Book review: “The Emperors and the Jews,” by Ari Lieberman. Mosaica Press. 2019. Hardcover. 354 pages. English. ISBN-13: 978-1946351746.
Trivia question: How many foreign rulers are mentioned in the Talmud and Jewish liturgy? I am not sure of the definitive answer. However, in “The Emperors and the Jews,” author Ari Lieberman provides a more in-depth look at five emperors and other leaders mentioned in the Talmud.
The five Greek and Roman rulers detailed are Alexander the Great, Ptolemy, Vespasian, Hadrian and Marcus Aurelius.
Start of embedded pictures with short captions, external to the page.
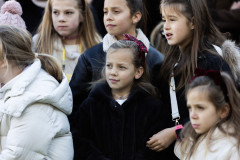 29-076-Djecji-docek-Nove-godine-31.12.2025-Foto-Fabio-Simicev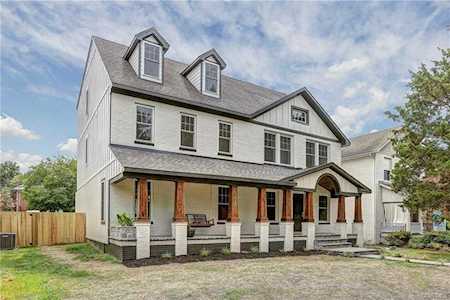 4815 Hanover Ave Richmond, VA 23226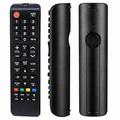 Universal Remote Control Smart TV Remote Control Replacement for Samsung LCD LED HDTV 3D Smart TVs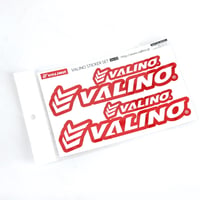 VALINO ステッカーセット Ver.2　【VA-STICKER-29】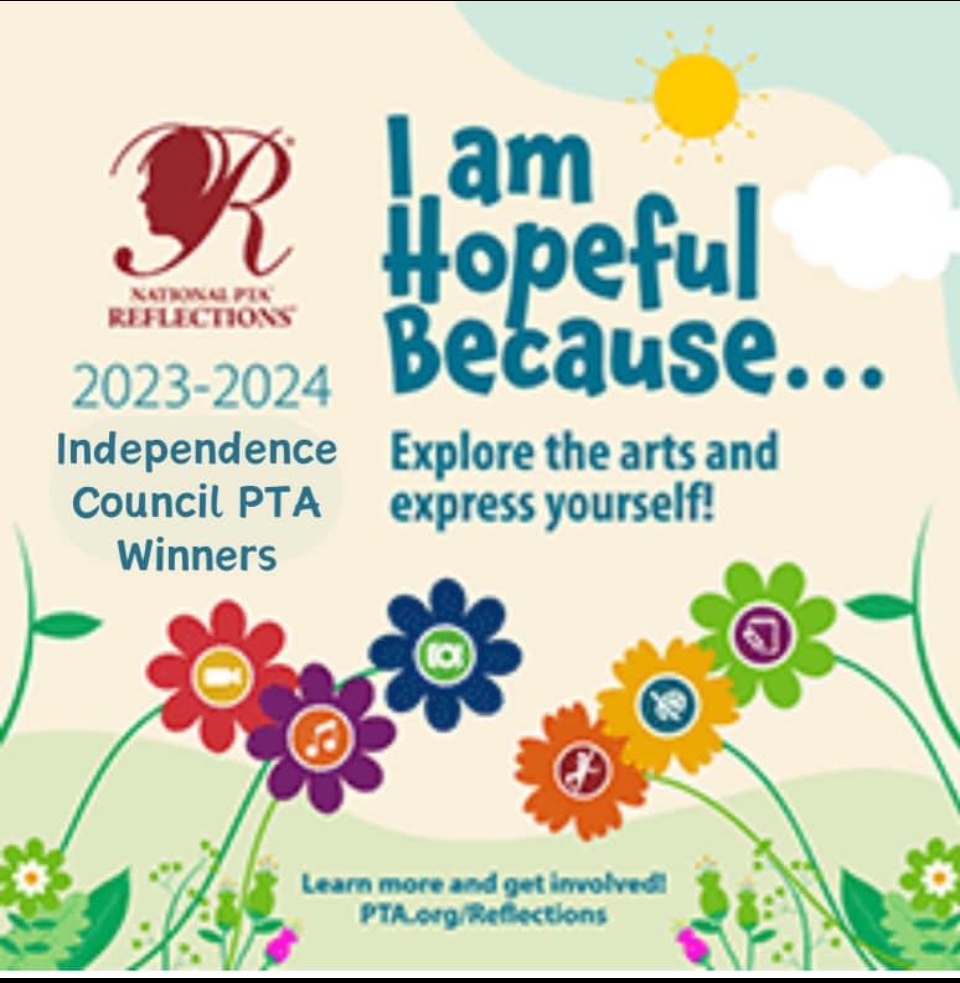 TrumanPatriotsClub tweet media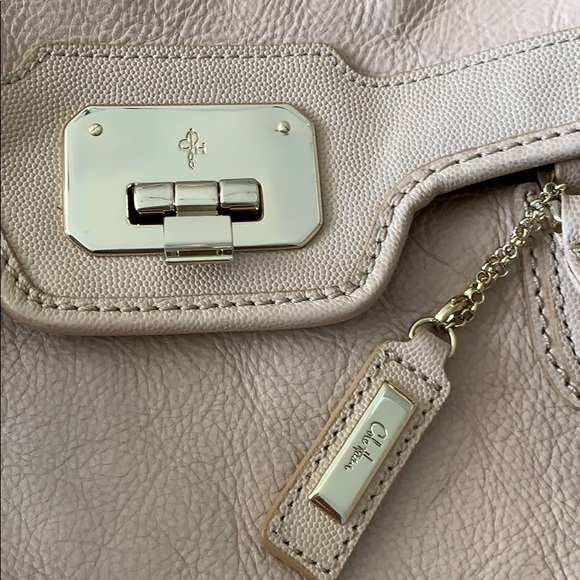 Cole Haan pocket book great condition - Picture 8 of 8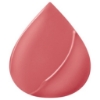 Picture of LIP POWER LIPSTICK COLLECTOR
The connection between these five is that they controlled large populations and dominated extensive territories. Given that, they came into contact with the Jewish people and its leaders. Given that world history and Jewish history are inexorably linked, it is essential to get a full understanding of these characters, to which Lieberman has written a most engaging work.
Of the five, Alexander the Great is arguably the most influential. In the Talmud, Alexander presents 10 philosophical questions to the Elders of the South. While some of the questions may initially appear as trivial, Lieberman does an excellent job in explaining the backdrop for his encounter with the sages and the underlying theme and tension in each of these 10 questions.
Far from being insignificant, these questions were meant in part as a pretext to attack specific Jewish ideas. The 10 questions were really an excuse for Alexander to try to implement Greek ideas on the Jewish people.
Part history, part philosophy and large part political, Lieberman has written an interesting and engaging book that brings to light figures that are often mentioned but, for many people, never delved into.